=== Dataset content ===
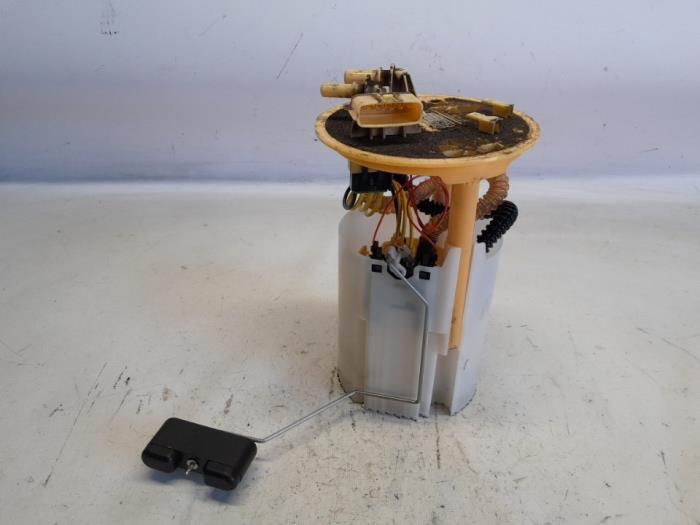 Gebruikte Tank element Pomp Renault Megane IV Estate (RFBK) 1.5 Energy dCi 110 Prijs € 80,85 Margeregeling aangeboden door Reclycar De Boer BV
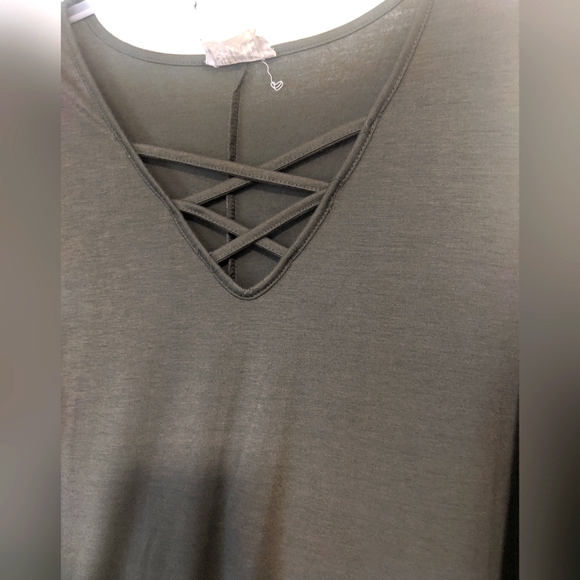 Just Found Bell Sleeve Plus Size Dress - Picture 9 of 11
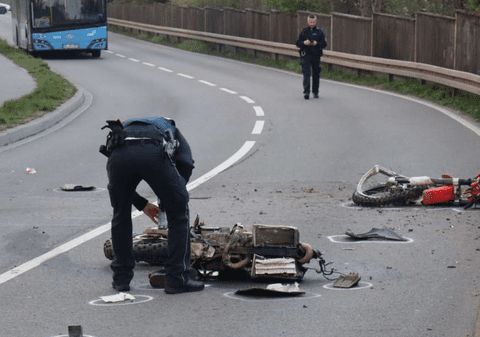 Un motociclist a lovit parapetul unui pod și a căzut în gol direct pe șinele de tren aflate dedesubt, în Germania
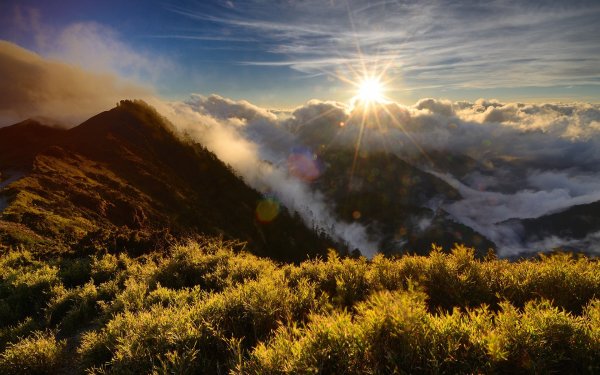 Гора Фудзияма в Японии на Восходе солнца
===
The answer should match the material exactly, with every picture removed.

- [Task result]
 Gebruikte Tank element Pomp Renault Megane IV Estate (RFBK) 1.5 Energy dCi 110 Prijs € 80,85 Margeregeling aangeboden door Reclycar De Boer BV
 Just Found Bell Sleeve Plus Size Dress - Picture 9 of 11
 Un motociclist a lovit parapetul unui pod și a căzut în gol direct pe șinele de tren aflate dedesubt, în Germania
 Гора Фудзияма в Японии на Восходе солнца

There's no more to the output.